- Dataset section:
[Start of section]
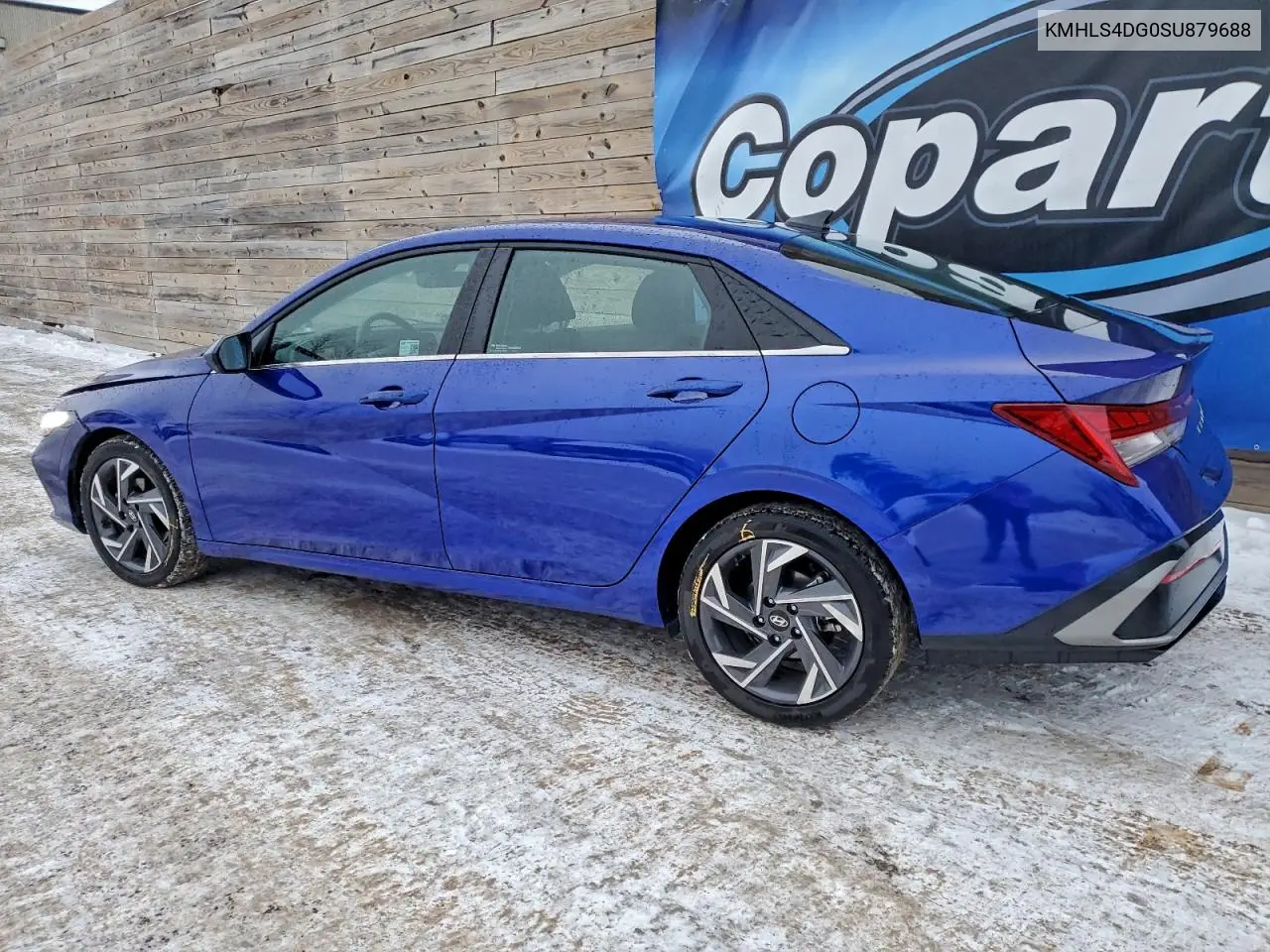 KMHLS4DG0SU879688 2025 Hyundai Elantra Sel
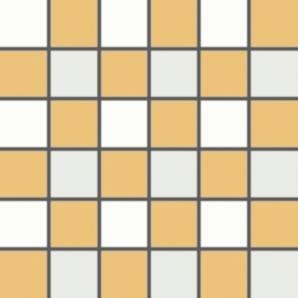 TENDENCE - mozaika set 30x30cm oranžová mix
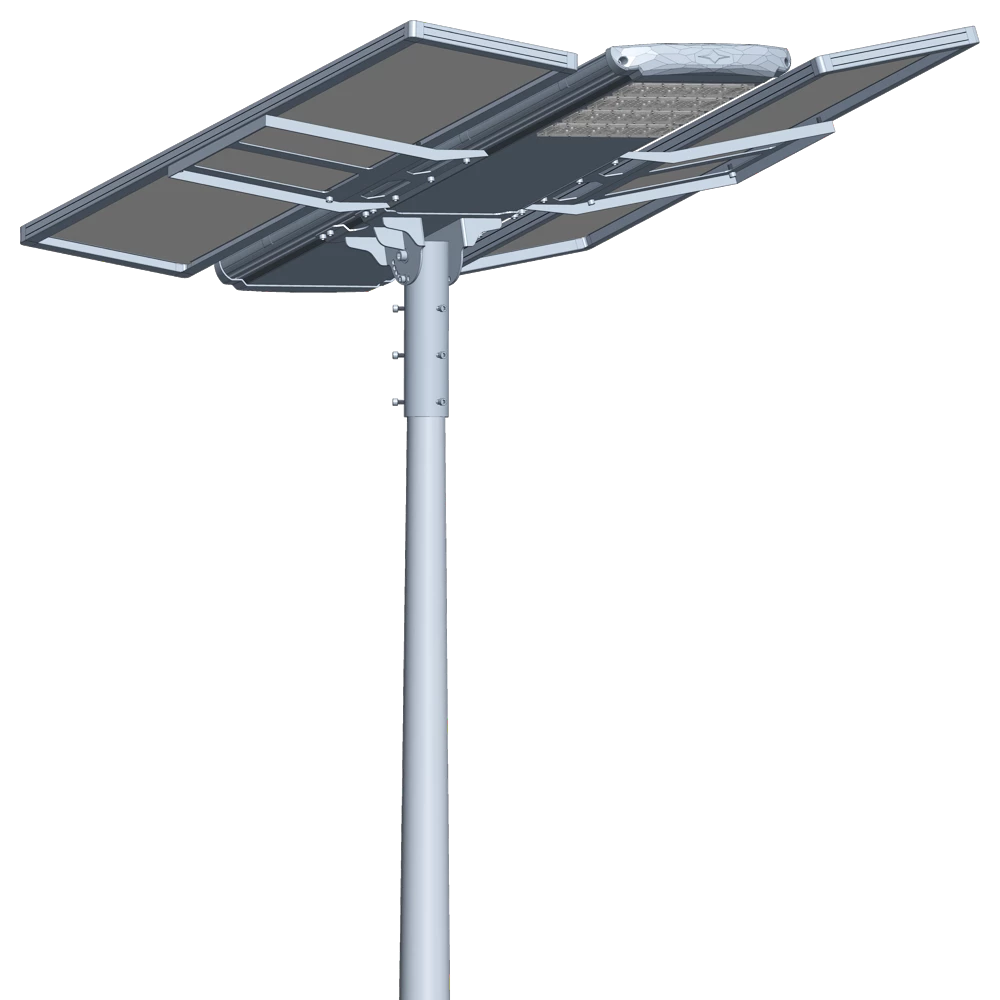 Luqing led güneş enerjili sokak lambası hepsi bir arada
[End of section]
- Task to complete:
Each line of the listing above should be retyped exactly, with no pictures.

- Answer section:
 KMHLS4DG0SU879688 2025 Hyundai Elantra Sel
 TENDENCE - mozaika set 30x30cm oranžová mix
 Luqing led güneş enerjili sokak lambası hepsi bir arada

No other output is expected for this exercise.